- Task directions -
Could you return each line from the one bearing "Poster Chauve-souris Halloween" through the last line of the entries, exactly as it stands, with no pictures?

Scraped caption text data:
== == ==

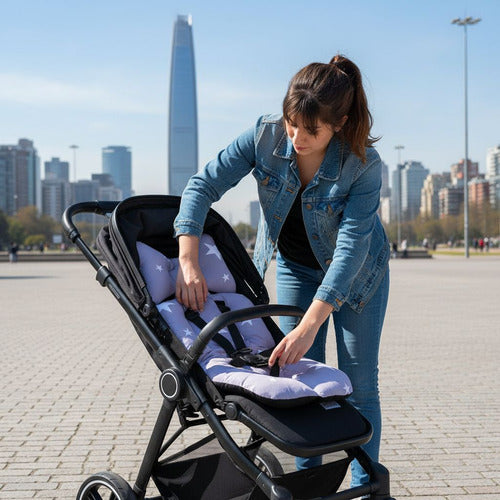 Cojín Cubre Coche Bebé Protector Asiento Colchón - Norplat Lavanda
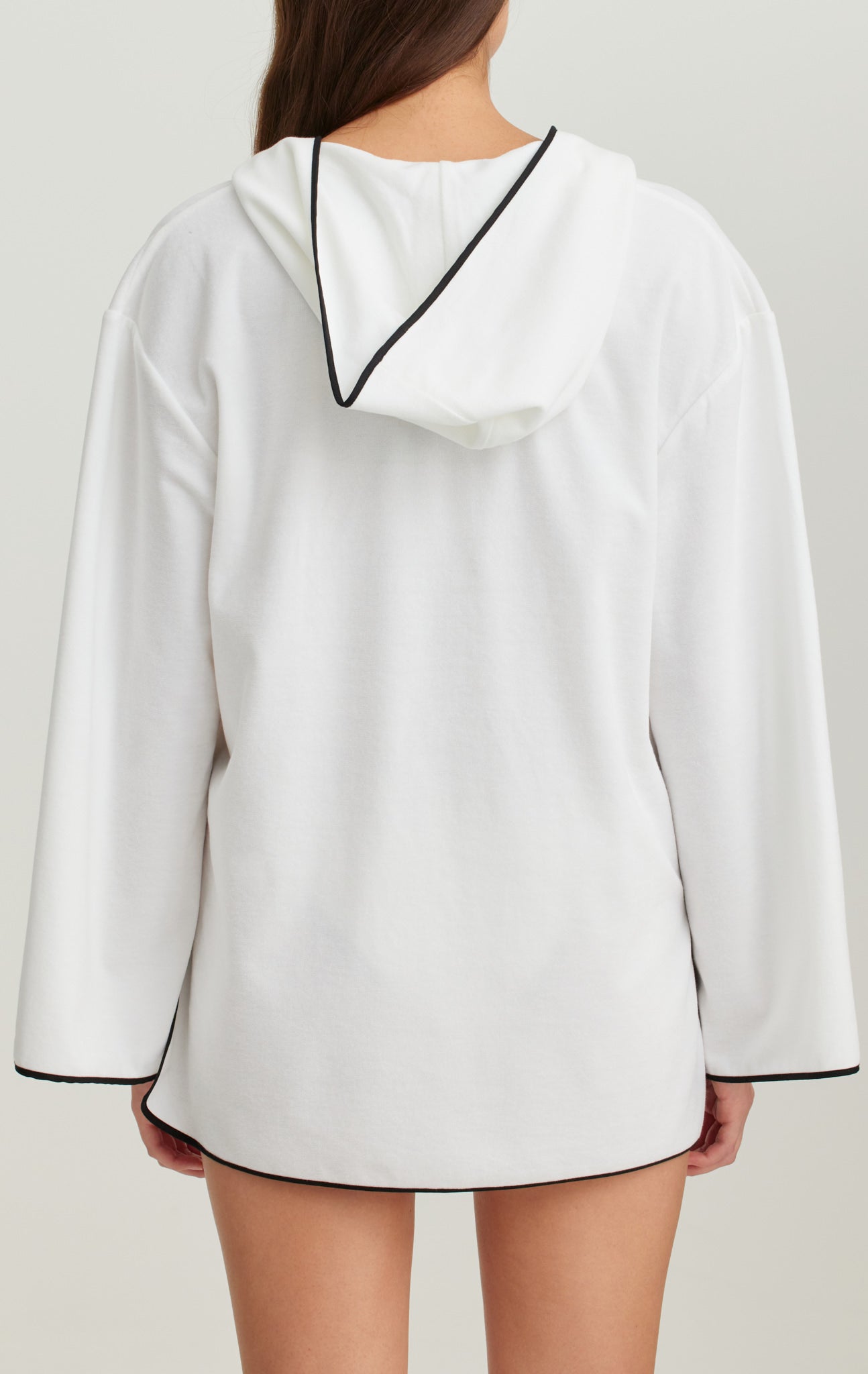 Hooded Tunic in Coconut MARYSIA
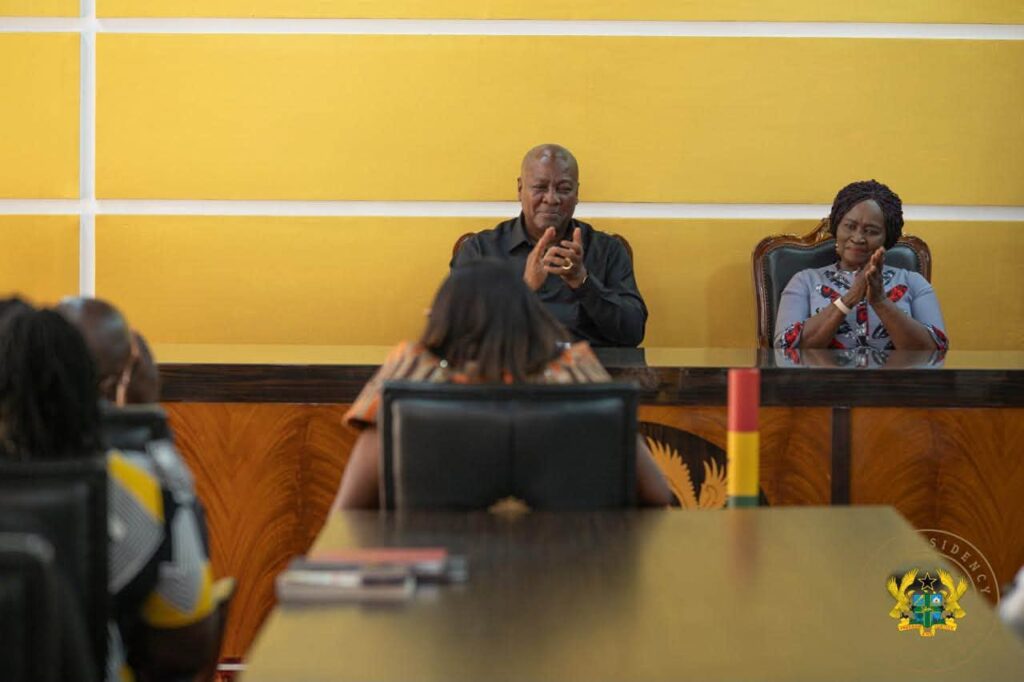 Pamela Graham Sworn In as Ghana's 11th, First Female Auditor-General 4 Mahama and NJOA 1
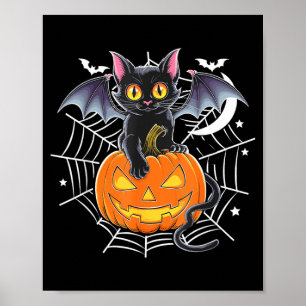 Poster Chauve-souris Halloween _ Chauve-souris à ailes de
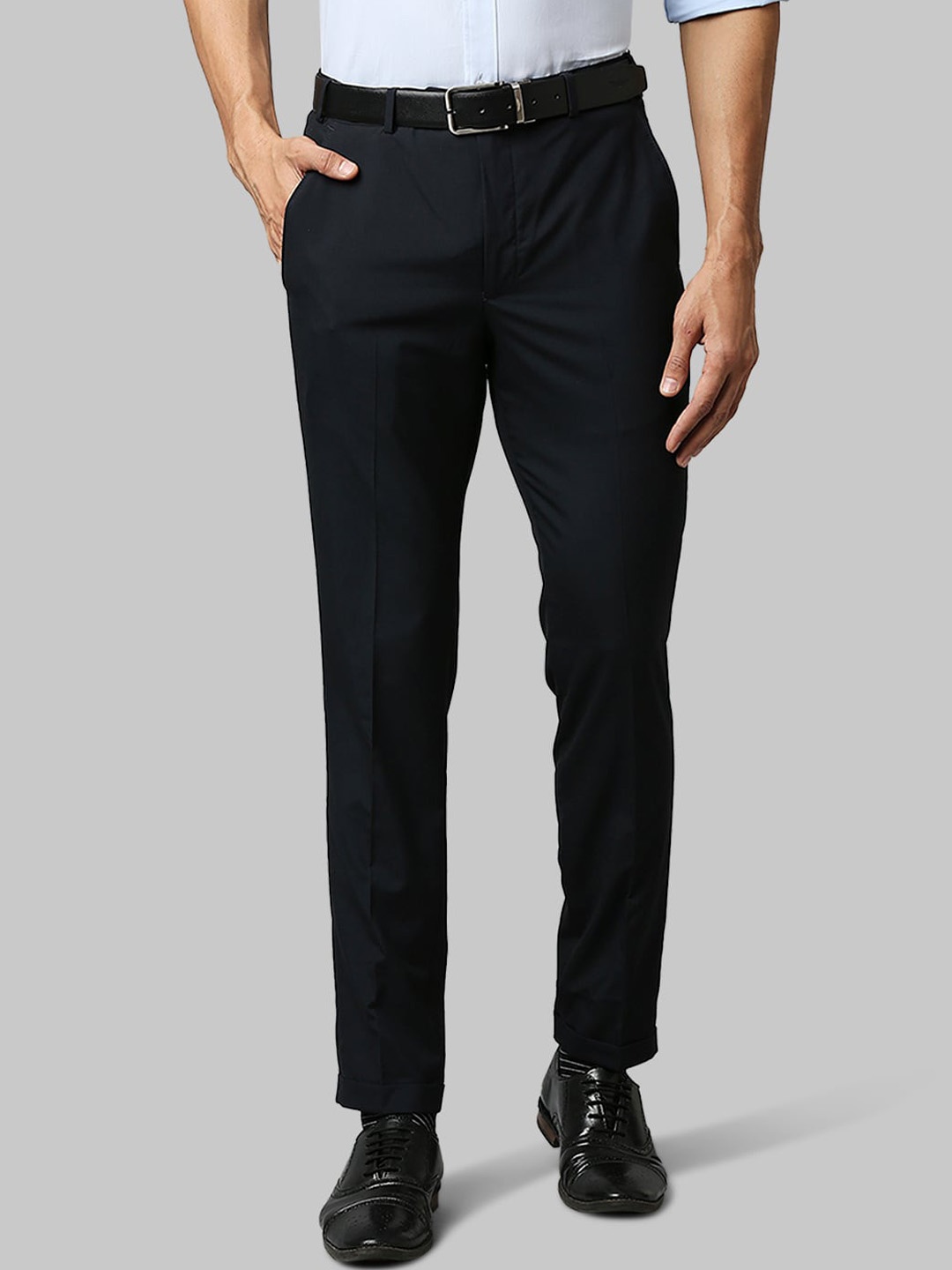 

Park Avenue Men Blue Formal Trousers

== == ==

- Reply -
 Poster Chauve-souris Halloween _ Chauve-souris à ailes de

Park Avenue Men Blue Formal Trousers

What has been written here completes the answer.